USD/CAD extends losses to 1.3670 with all eyes on the US-Iran peace talks
The US Dollar (USD) keeps heading south against the Canadian Dollar (CAD) on Friday, reaching three-week lows at 1.3670.
  • USD/CAD hits fresh three-week lows at 1.3670 following a five-day sell-off.
  • Hopes of a resolution of the US-Iran conflict keep the safe-haven USD under pressure.
  • Canada's CPI figures, due on Monday, are expected to show higher inflationary pressures in March.

The US Dollar (USD) keeps heading south against the Canadian Dollar (CAD) on Friday, reaching three-week lows at 1.3670. The USD/CAD pair has depreciated continuously over the last five days and is on track for a 1.3% weekly selloff, as hopes that the US and Iran will resume peace talks this weekend are keeping the safe-haven US Dollar under pressure.

News from the Middle East is mixed, but the market keeps focusing on US President Donald Trump’s positive comments. Trump announced on Thursday a 10-day ceasefire between Lebanon and Israel and affirmed that a deal to end hostilities in Iran is “very close.”

A news report by Reuters, on the other hand, has cooled hopes of a steady peace agreement coming out of this weekend’s negotiations. Iranian sources cited in the report suggest that negotiators have scaled back their targets and are now seeking a “temporary memorandum” to avoid a return to the conflict.

Meanwhile, the Strait of Hormuz remains closed, keeping Crude prices about 35% above pre-war levels. The Governor of the Bank of Canada (BoC), Tiff Macklem, warned on Thursday about “higher price levels” in a conference at the Montreal Chamber of Commerce and highlighted the challenges to keeping inflation anchored without triggering a recession.
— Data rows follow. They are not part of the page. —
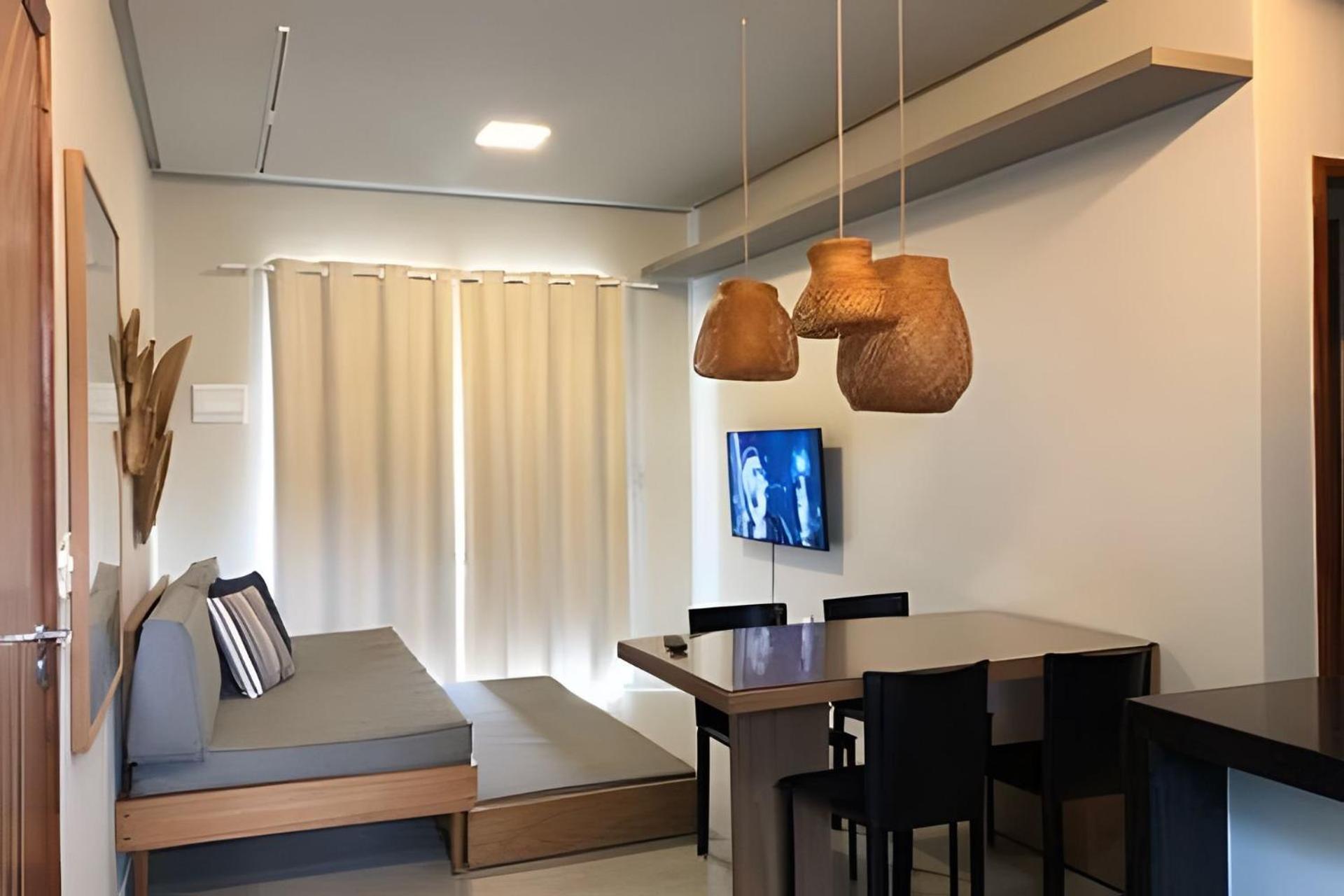 Residencial Villa Da Praia, Com Piscina, 500M De Taperapuan Porto Seguro Eksteriør billede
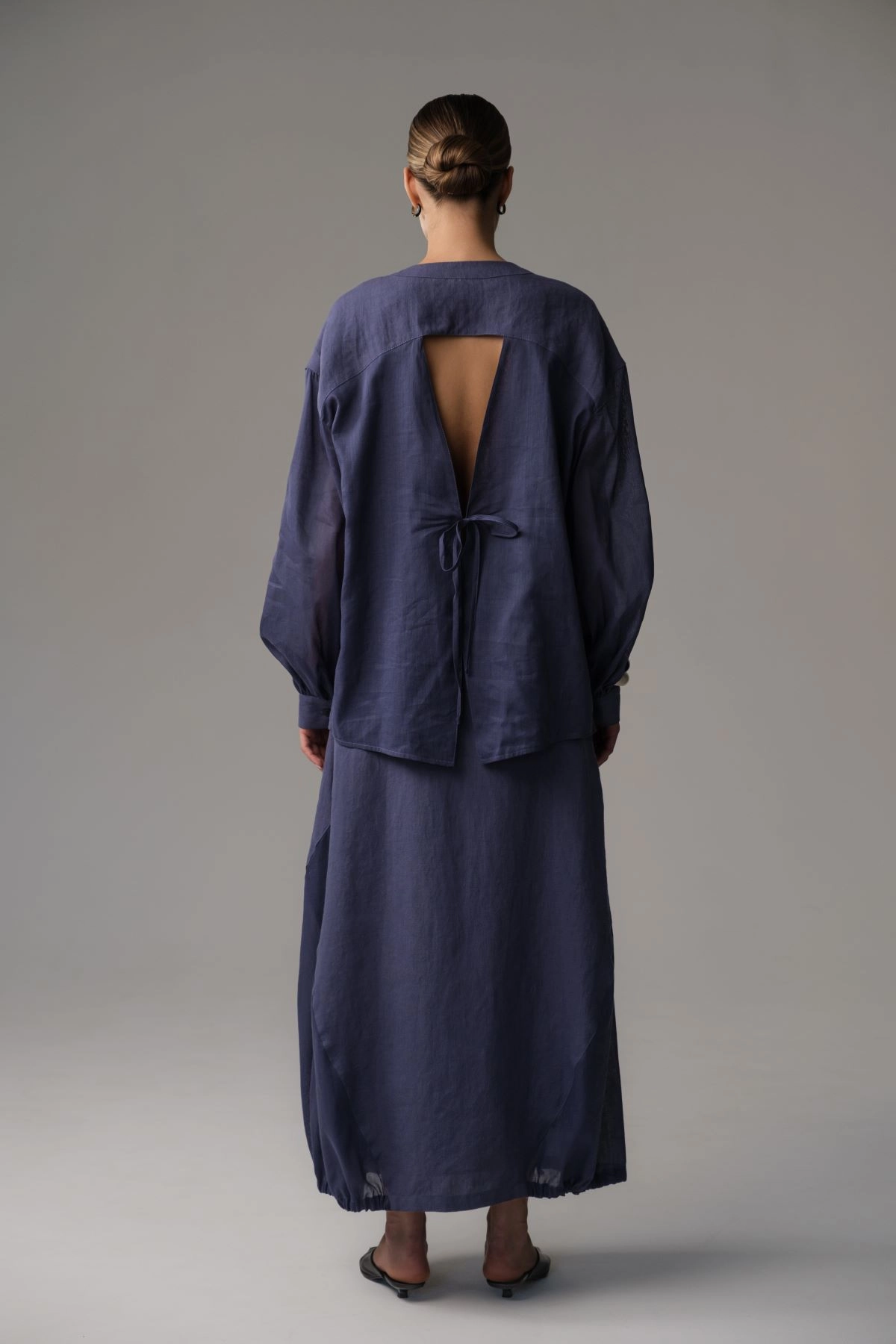 W-251-TH-56-0113 рубашка с длинным рукавом the hills 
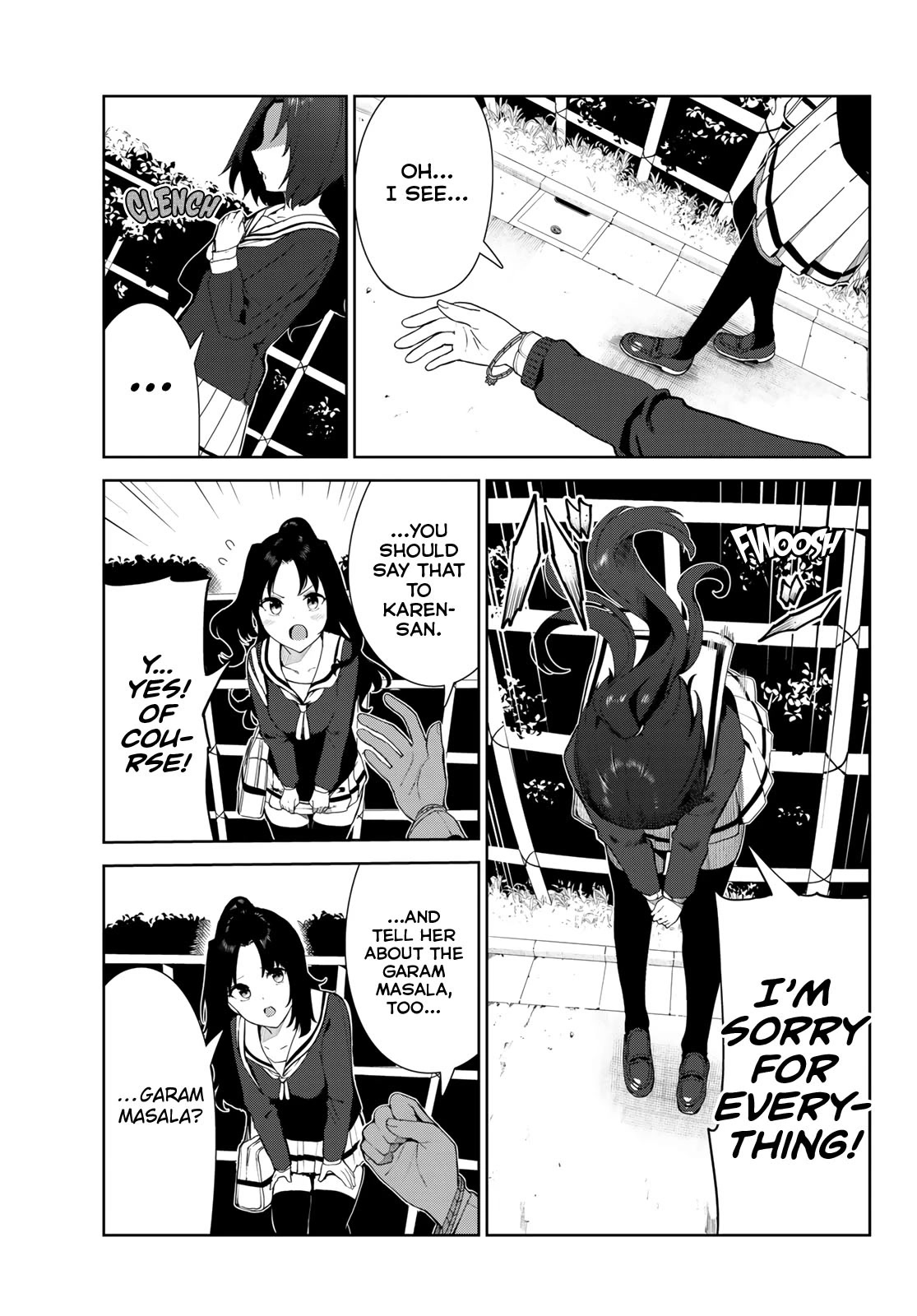 Inu ni Nattara Suki na Hito ni Hirowareta Chapter 42 page 3 - Chapter 42: Pochita's Enlightening XXX Classroom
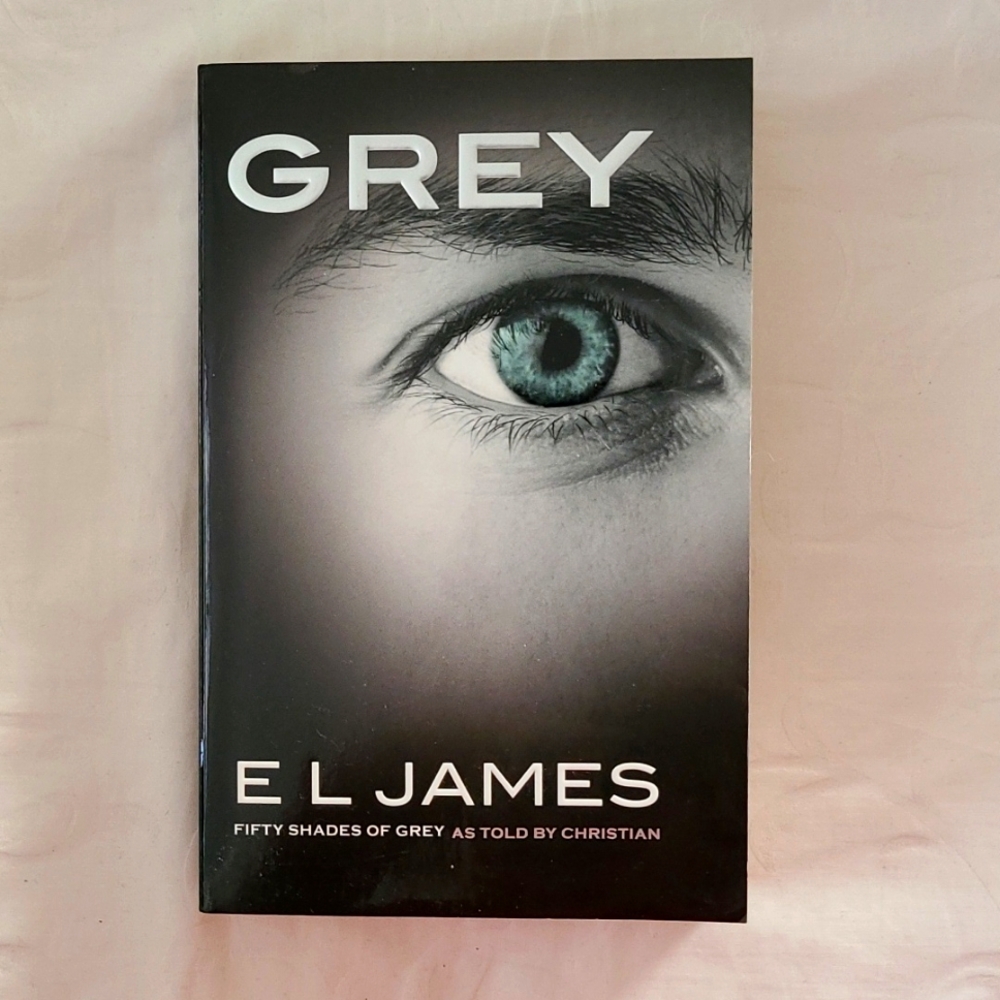 GREY by E. L. James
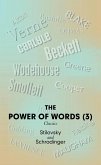 The Power of Words (3) (eBook, ePUB) The Power of Words (3) (eBook, ePUB)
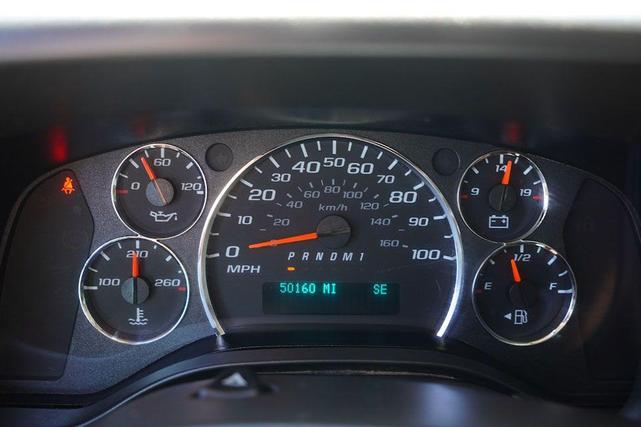 Photo of 2023 Summit White GMC Savana 2500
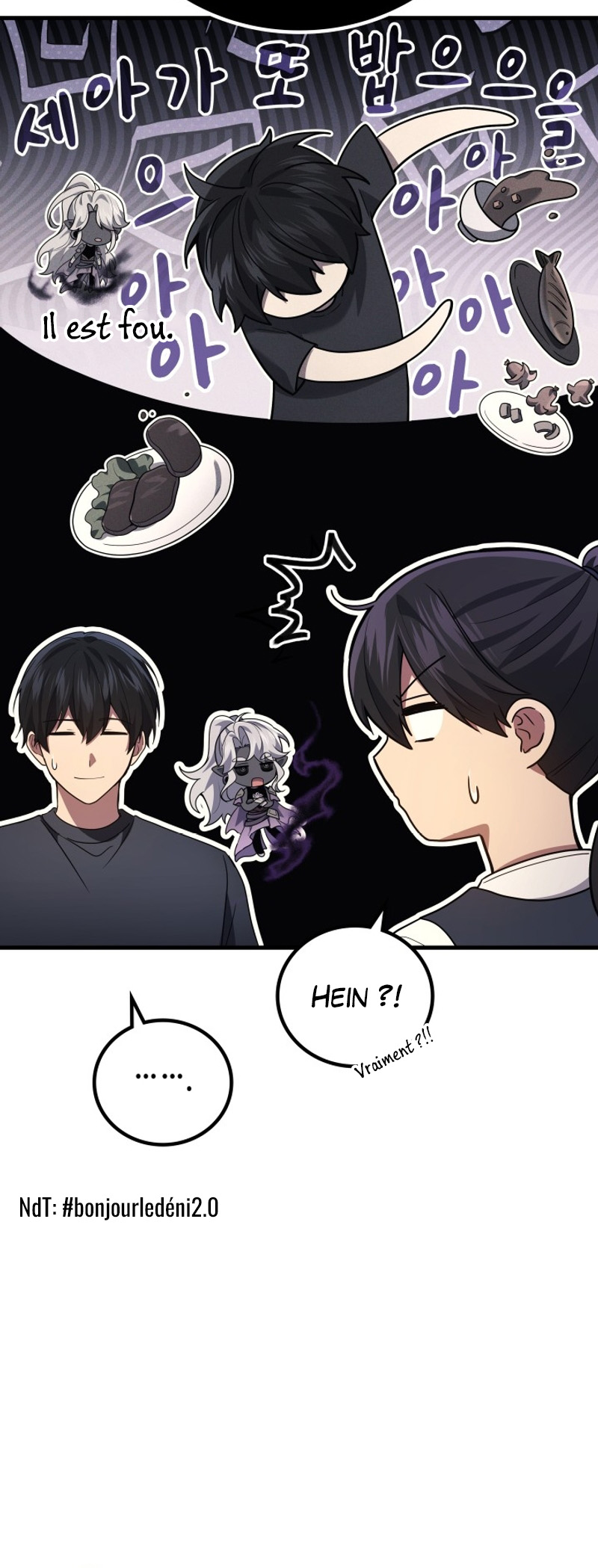 The Martial God Who Regressed Back to Level 2 Vol. 2 Ch. 85 第24页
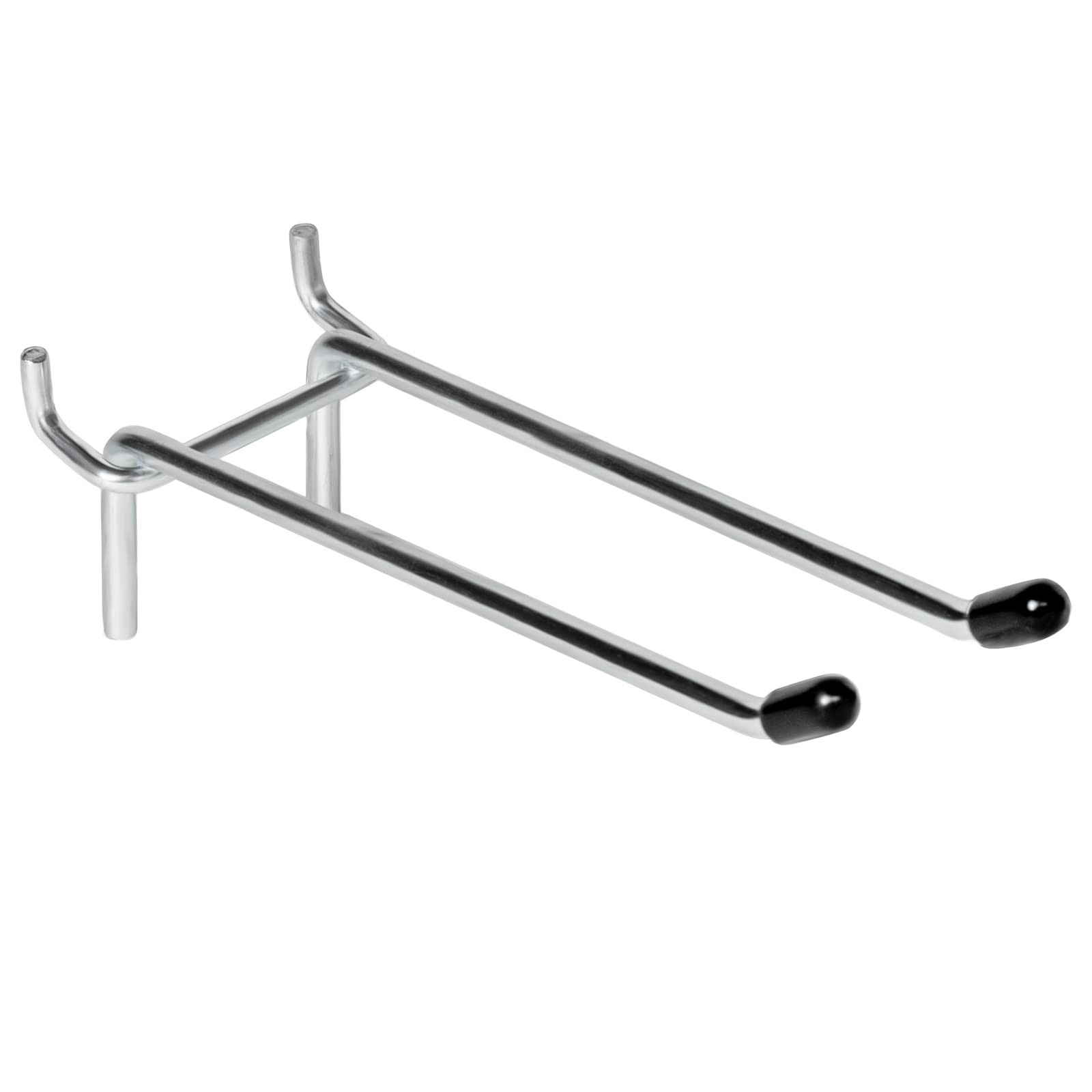 10 Pcs Pegboard Hooks, 6 Inch Peg Board Hooks, Pegboard Pegs Accessories with...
In that sense, Canadian Consumer Prices Index (CPI) figures from March, due on Monday, are expected to validate those fears. Consumer inflation is expected to have accelerated significantly, amid the energy shock triggered by Iran’s war. If the final figures meet the expectations, concerns about stagflation might take a toll on the Canadian Dollar’s strength.

Canadian Dollar FAQs

The key factors driving the Canadian Dollar (CAD) are the level of interest rates set by the Bank of Canada (BoC), the price of Oil, Canada’s largest export, the health of its economy, inflation and the Trade Balance, which is the difference between the value of Canada’s exports versus its imports. Other factors include market sentiment – whether investors are taking on more risky assets (risk-on) or seeking safe-havens (risk-off) – with risk-on being CAD-positive. As its largest trading partner, the health of the US economy is also a key factor influencing the Canadian Dollar.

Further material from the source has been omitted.